Australia’s bid for a flag change floundered in 1999, thanks in part to campaigners, who tied the issue to a movement to break from the British Monarchy completely. However the struggle continues in New Zealand, where last year Prime Minister John Key proposed a referendum that would change the flag, to be held this year and fully decoupled from the issue of the nation’s connection to the British Crown. Only Tuvalu seems to have made no real move towards flag separation, but as little news comes out of that nation in general, it’s very possible that within the country this is a widely discussed issue that we just haven’t heard about yet.
Fiji has better cause to consider ditching the Union Jack than Australia or New Zealand, as its experience of colonialism under the British from 1874 to 1970 was quite different from theirs—often not for the best. And unlike the other three Union Jack users, as of 1987, Fiji functionally ceased to be a member of the British Commonwealth of Nations, fully severing itself from Queen and Crown. And anyway, these days there’s no real British resistance to a nation changing its flag. Just last year, the majority of Brits got behind the idea of scrapping the Union Jack themselves for a new flag if Scotland’s bid for independence went through.
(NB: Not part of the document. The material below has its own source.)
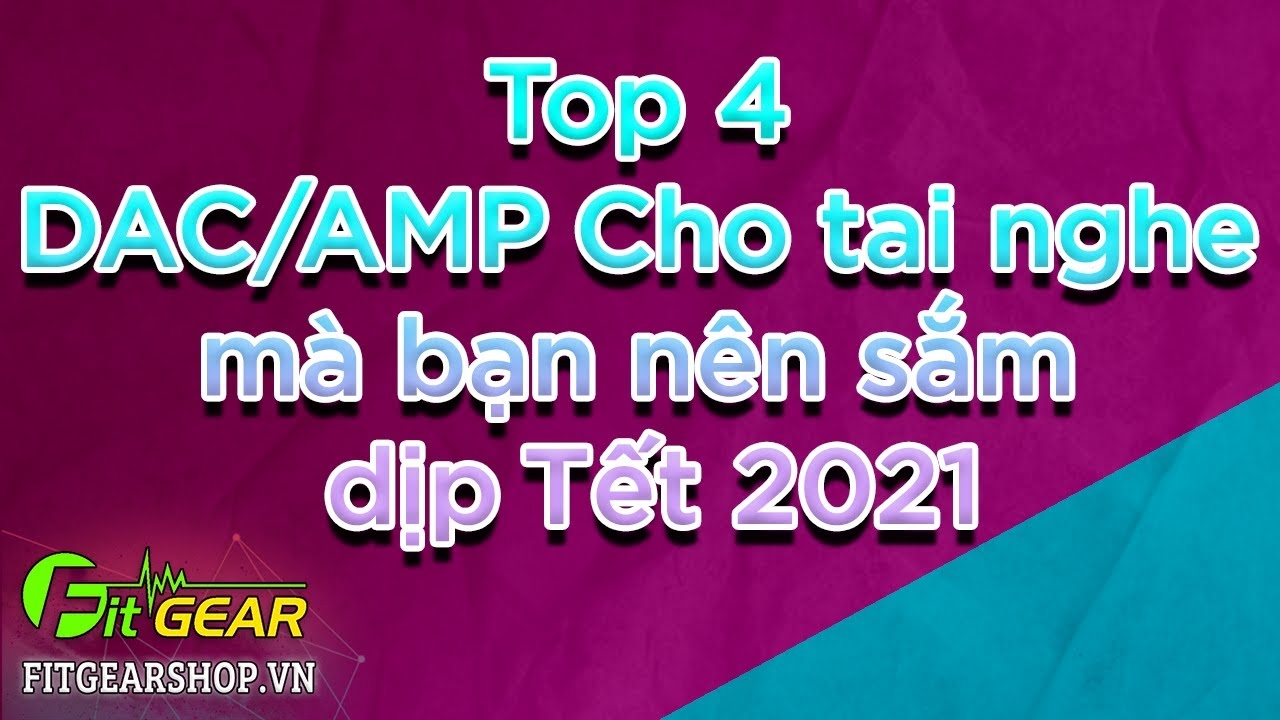 Top 4 DAC/AMP Cho tai nghe mà bạn nên sắm dịp Tết 2021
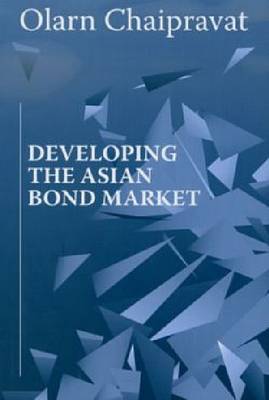 Cover of Developing the Asian Bond Market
Upon hearing of Bainimarama’s plans this month, British vexillologists (flag experts) actually offered some good advice on how to design a new flag that would be both representative, memorable, and unique to Fiji as a distinct nation.
Frank Bainimarama. Photo by the Foreign and Commonwealth Office via Flickr
Yet Fijians still have their doubts about ditching their current flag, colonial holdover or not. Many worry that alternative flags will stress one aspect of the multi-religious, multi-ethnic nation over another—existing flag proposals seem to trump either Indian, Muslim, or Polynesian heritage. Others complain that the flag, designed in 1970 for the nation’s original flag selection competition by still-living Fijian citizen Tessa McKenzie, now has unique meaning and sentimental value that transcends their colonial history. It’s their symbol now, they say. (Australian and New Zealand flag supporters have said much the same of their own Union Jack-inspired flags as well.)
Beyond these symbolic anxieties, Fijians are also concerned because Bainimarama proposed the changes unilaterally. The Prime Minister was elected just last September, but he first took power in 2006 as the head of a military coup. Once in power, he forced through a series of cosmetic transformations, such as scrapping the Queen’s Birthday as a public holiday and removing her face from the local currency. Opposition parties see the PM’s flag change decree as bypassing parliamentary discussion and as a sign of continued dictatorial tendencies.
All parties involved in Fiji’s flag debate present valid arguments for their points of view. Bainimarama is right that Fiji has very little reason to still attach itself to the Union Jack, a symbol that seems to be moving towards obsolescence in much of the post-colonial world. But his opponents are right that this decision does not rest with one man and must reflect the people’s belief that their flag no longer represents them.
If all goes as currently planned, the new flag will be unveiled this October 10, Fijian Independence Day.